Description
Human beings are able to partition the world in flexible ways such that handling a task at hand is made easier. We don't always notice cup handles, but when we need them, we do. In a pinch, we might also notice the edge of the cup if we need to cut a sheet of dough into a pattern and nothing else is available. And if we observe someone cutting a sheet of dough with a cup, we would also notice subevents such as the person grabbing the cup, rotating it face down, pressing it into the dough etc.
While we could train artificial agents to recognize such parts based on pre-annotated sets, or trust large scale foundational models to come up with creative partitions on the fly, it may also be interesting to look at this problem in a more principled in transparent way: how can perception mechanisms be arranged such that they can create new concepts for object and event parts based on observations of real events and objects?
We present here our initial steps in this direction: a perception module that combines classical machine vision, deep learning, and reasoning, to create a system that is able to:
-
recognize semantically relevant parts of events, based on a logical description of what is semantically relevant;
-
recognize functionally relevant parts of objects, based on a logical description of what counts as functionally relevant;
-
automatically select training data from an image stream to help identify object functional parts in the future, even outside of situations in which those parts are used; i.e., create new object classes for the perception system to track.

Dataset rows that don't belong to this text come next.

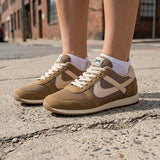 TENIS CABALLERO PANAM 0108820343 TEXTIL BEIGE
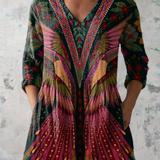 Madalena | Blusa Larga com Decote em V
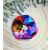 Prisme coloré scrunchie 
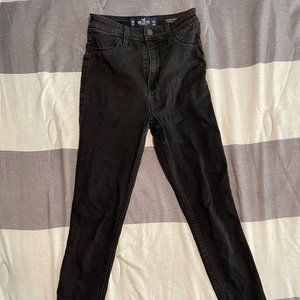 Hollister Black Jeggings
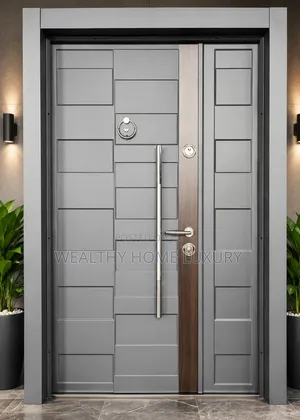 4ft Luxury Turkish Armored Steel Security Entrance Door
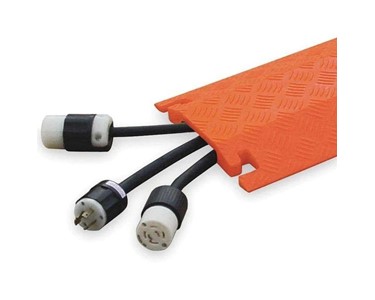 Checkers - Cable Protector | 1 Channel Large Drop Over - 200kg Capacity 
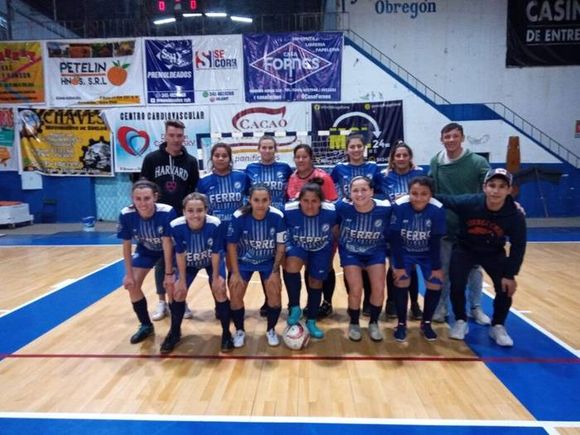 Comenzó el Primer Torneo de Futsal Femenino de la Liga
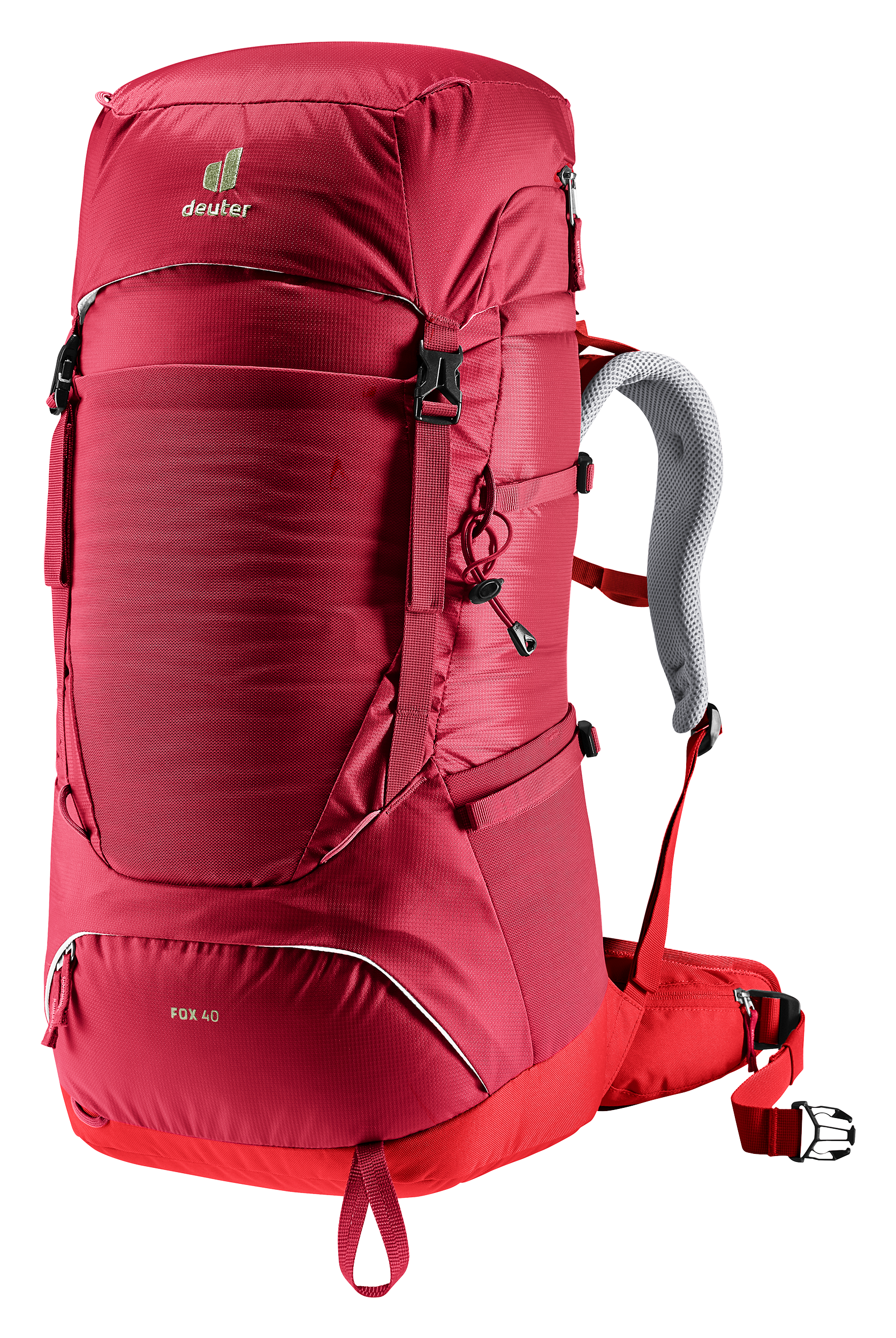 deuter 40 liter backpack Futura Pro D3401321-1374 Men's Mountaineering Backpack, Atlantic x Ink, 2021 Model : Sports & Outdoors zippered pocket on the other Futura Pro 40 - Black
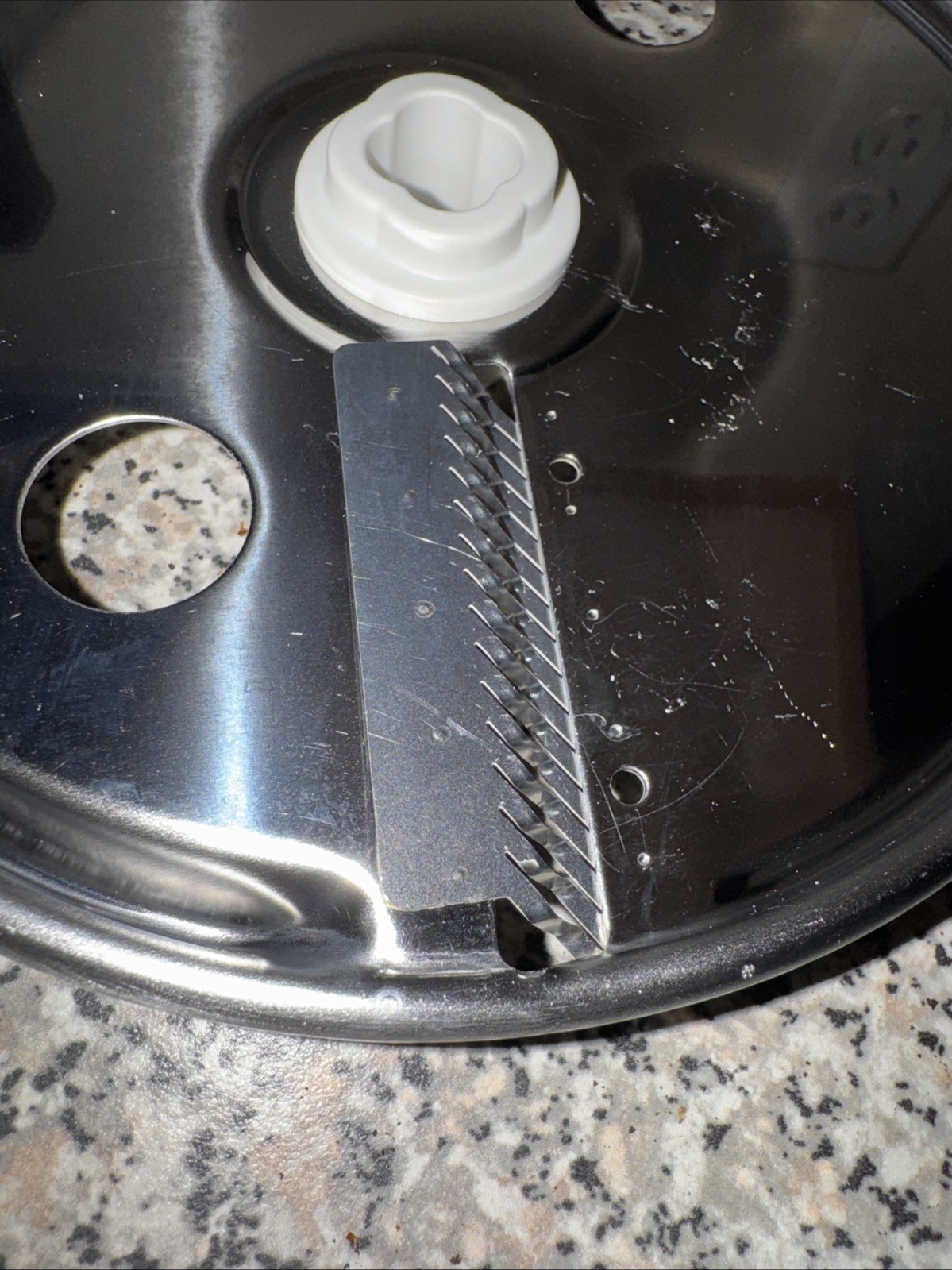 Kitchen Aid Food Processor KFP0935 QCU Replacement Part JULIENNE Disc Blade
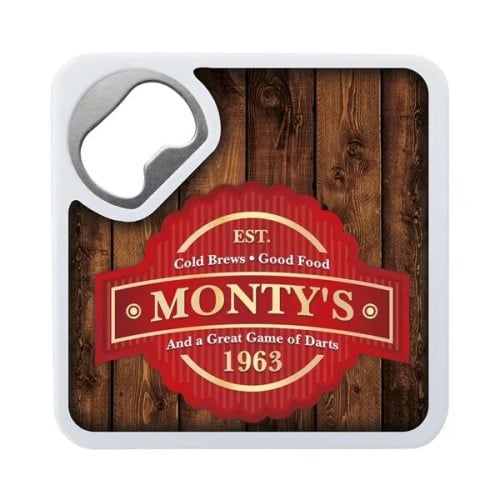 Good Value™ Bottle Opener Coaster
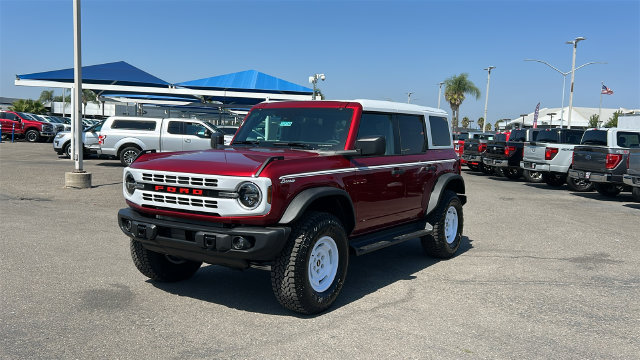 New 2026 Ford Bronco Heritage Edition AWD/4WD image 8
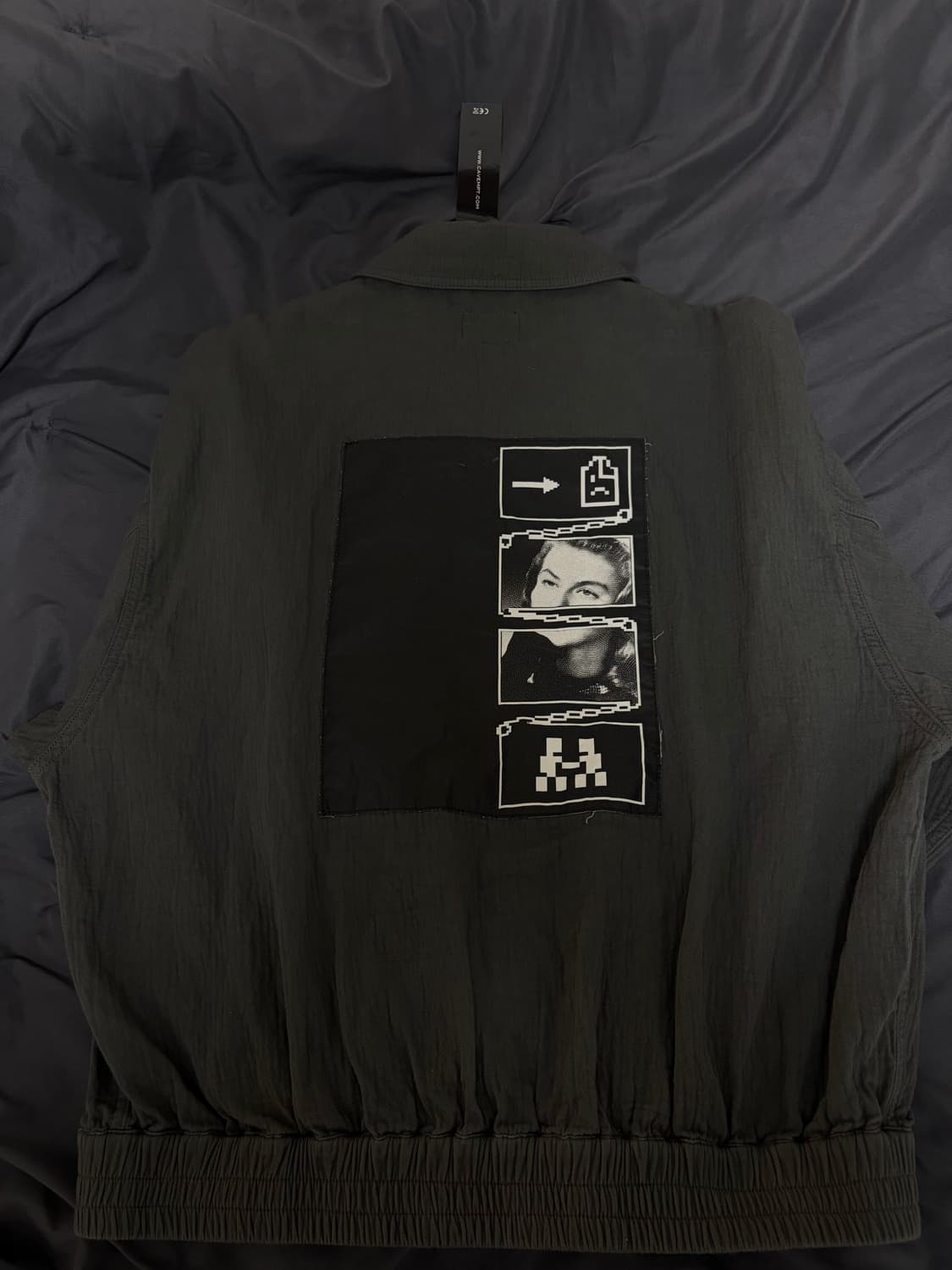 (cavEmpt)카브엠트 소프트 코튼 자켓 L사이즈 새상품 상품이미지4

An overview of the system is provided in the figure below. More details can be found in the accompanying paper.
The perception module overview, with some details on the video analysis and reasoning submodules.
As an example task, consider the identification of the part of an object that is central to making it a cutting tool -- a blade. We first would need a functional specification of such a thing, i.e. an answer to the question "if something is a blade, and is used as a blade, what would be observed?"
Our perception module allows tracking several things, such as contacts and occluded shapes, and so it is possible for it to be given the following instruction: the part of something that comes into contact with and is then occluded by another object is the blade. Obviously this is not a perfect description! We can make it a bit more precise by restricting what sort of objects we look at (e.g., we look for contacts between cutlery and fruit), and possibly also by specifying some other events that should occur beforehand. But once given this specification, via defeasible logic rules, the system can then adjust its inner perception pipeline to look for the contact, occlusion, etc. events and select parts of video frames which correspond to what the module thinks behaved like a blade. This works even for pixels of the blade that used to be inside the cut object -- we use shape registration to approximate occluded object shapes and later match them to un-occluded shapes again.
Tracking the blade of a knife based on a simple functional description; white pixels are the part of the blade that used to be inside the apple in previous frames.
Our perception module also allows summarizing a video sequence into only a few frames at which image schematic relations between objects change: a contact is formed or lost, movement begins in a certain direction relative to an object, an occlusion begins or ends, etc. Which kinds of relations, between which kinds of objects, are to be tracked is also specified via defeasible logic rules. The summary of the video then consists of a set of frames and their associated knowledge graphs.
Semantic event segmentation.
You can access the perception module at the project repository. The repository provides installation instructions -- the module can run on Unix and Windows -- as well as some examples showcasing event and object semantic segmentation.
Unfortunately, as it uses OpenGL, this perception module is not yet available to use over Jupyer Lab. Therefore, if you wish to try it out you will need to git clone the repo and try it locally on your machine for now.